V#8 Die Kunst des Wägens
Die V#8 Die Kunst des Wägens. Essays heute erschien im Herbst 2001.
Editorial: Die Kunst des Wägens. Essays heute
Norbert Loacker
Eine Zeitschrift wie „V“ kann sich vornehmen, den Essay als aktuelle und vielfach genutzte Äusserungsform ins Blickfeld zu rücken. Viel mehr kann sie kaum wollen, sie sollte es auch nicht. Der konzeptuelle Eifer wird demnach aus guten Gründen in etwa jenem von wackeren Jägern oder Fischern glei-chen, die am frühen Morgen auf ein bestimmtes Wild ausrücken, im Ungewissen darüber, woraus genau am Abend ihre Beute bestehen wird – und was sie als guten Fang von dem noch gelten lassen, mit dem sie nicht gerechnet haben.

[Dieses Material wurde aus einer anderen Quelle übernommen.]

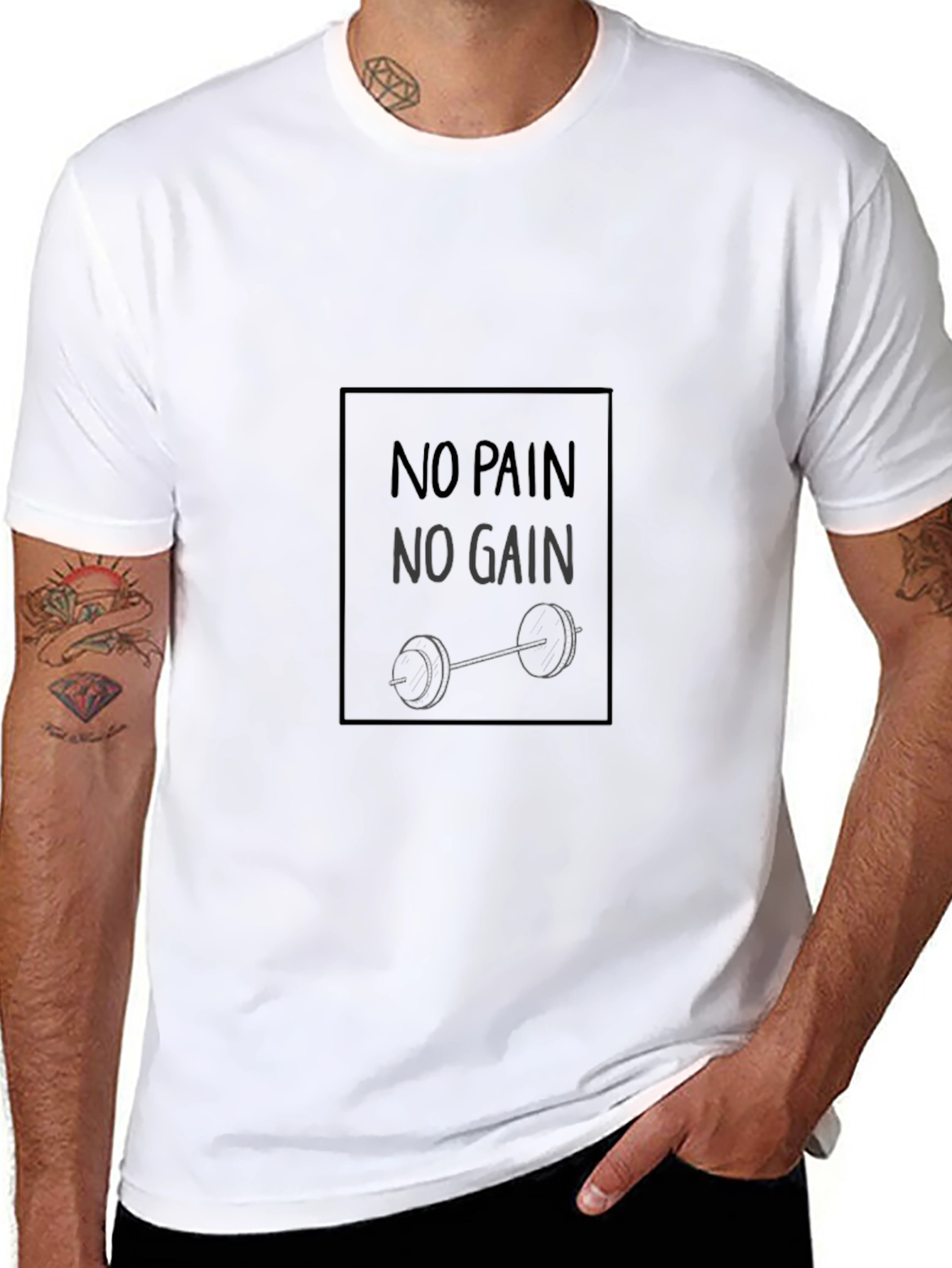 Motivational No Pain No Gain Black T-Shirt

Was ein Essay seinem Wesen nach sei, ist durch die – für dieses Genre vergleichsweise kurze – Tradition so eng oder so weit definiert, wie die Essenz eines Dramas, Romans oder Gedichts. Wer sich anschickt, ein Phänomen, das ihn dazu provoziert, in einem Essay aufzubereiten und – der Herkunft des Begriffs von lateinischen ,exagium‘ gemäss – einem Prozess des Ab- und Er-wägens zu unterziehen, trifft zwar sicher manche handwerkliche und mentale Vorentscheidung. Doch wird er sich kaum, irgendeinem How-to zuliebe, als erstes nach den Grenzen zu den gewerblichen Nachbarn, etwa im Feuille-ton, umsehen. Oder höchstens dann, wenn er plötzlich nicht mehr sicher ist, den klassischen Auflagen der Gattung genügt zu haben.

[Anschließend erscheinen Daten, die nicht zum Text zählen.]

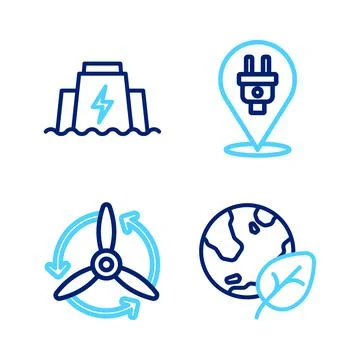 Set line Earth globe and leaf, Wind turbine, Electric plug and Hydroelectric dam Stock Illustration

Es gibt mehrere Qualitäten, die die Lektüre eines Essays zum Gewinn machen können: die unmagistrale Frontalität zum Gegenstand, dessen ungefestigter Rang im Kreis des Diskutablen, die prinzipielle, wenn möglich pointierte Ra-tionaliät, das anglofränkische Surplus der Unterhaltsamkeit. Im Reich des Grossen Meyer wurden sie alle einer anderen Eigenschaft nachgesetzt, die so zum formalen Signum des Essays aufstieg: seine diskursive Offenheit, das Unabgeschlossene und mutwillig Aspekthafte.

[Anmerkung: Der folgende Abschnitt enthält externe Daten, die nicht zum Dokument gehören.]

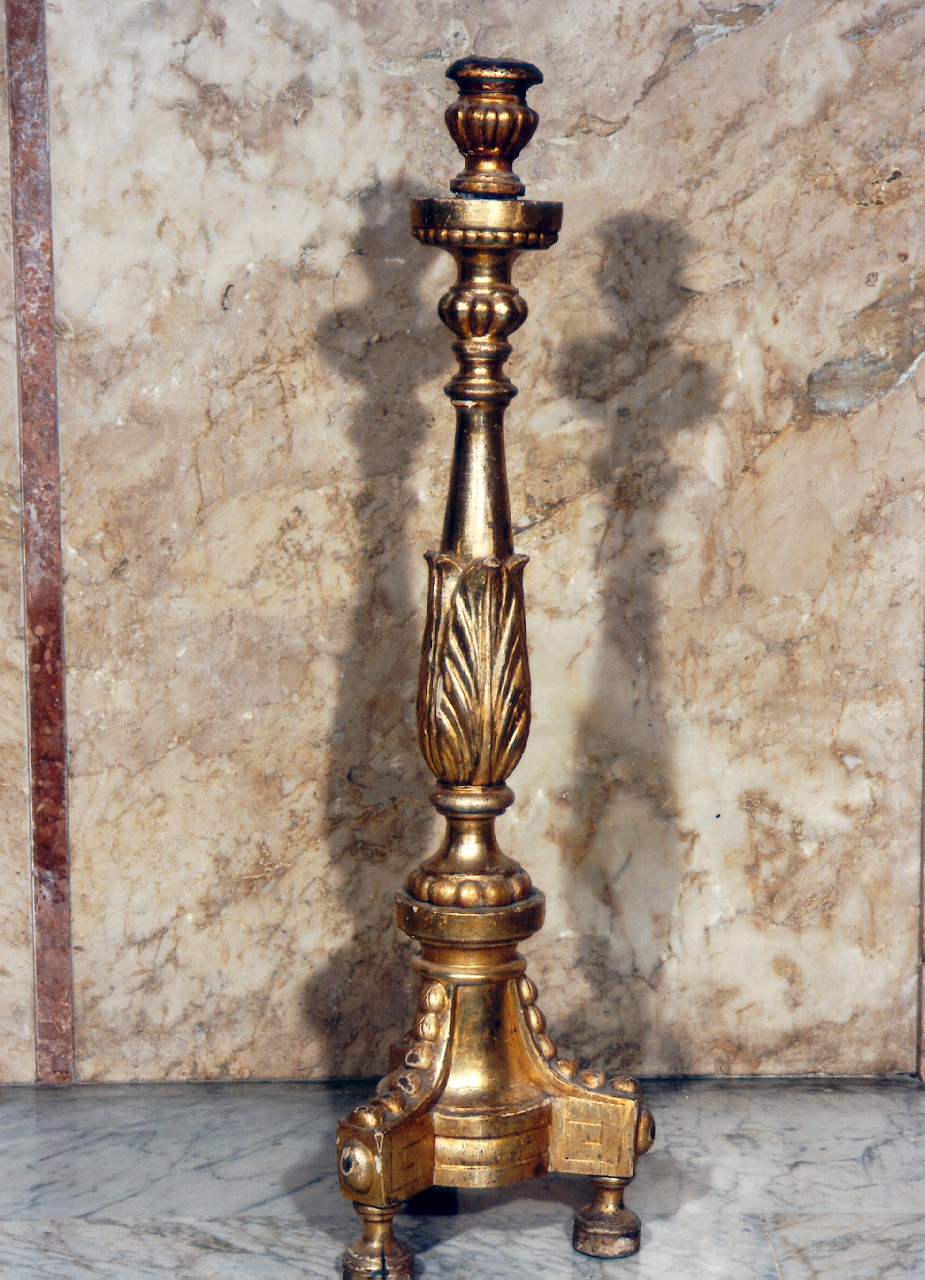 candelabro d'altare, serie - produzione siciliana (Seconda metà sec. XIX)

Seit aber das System so gar nicht mehr als universales Gütezeichen einer rationalen Architektur gilt, trägt auch die Imperfektion des Essays nicht mehr die Würde und Bürde einer singulären Alternative. Inzwischen hat sich das Unabgeschlossen-Unabschliessbare postmodern so felsenfest etabliert, dass kein Gesprächsmoderator auf die Klausel verzichtet, man sei natürlich auch diesmal wieder an kein Ende gekommen und wieder einmal blieben alle Fragen offen.
Wenn auch dem Essay eine Vorreiterrolle ins Provisorisch-Improvisierte nicht mehr wie früher zukommt, verdient er es doch um seiner Verdienste willen nicht, unter ein thematisches Joch gebeugt zu werden. Verbindende Themen für einen Sammelband gäbe es mehr als genug. Unter der Ägide aber eines jeden von ihnen wäre die sofortige Rache der bevormundeten Essays zu fürchten, ihre lustlose Selbstverwandlung in diensttuende Beiträge.
Der Herbst 2001 hat in die Schalen essayistischen Abwägens neue Gewichte gelegt und gewohnten Eichungen nachhaltige Schläge versetzt. Man wird es erleben (und kann es schon jetzt in unserem Band in manchen Texten), wie sich diese Kunst, in ihrer glasperlenspielerischen Attitüde zutiefst irritiert, in den Bedingungen einer neuen Verstörtheit zurechtzufinden sucht.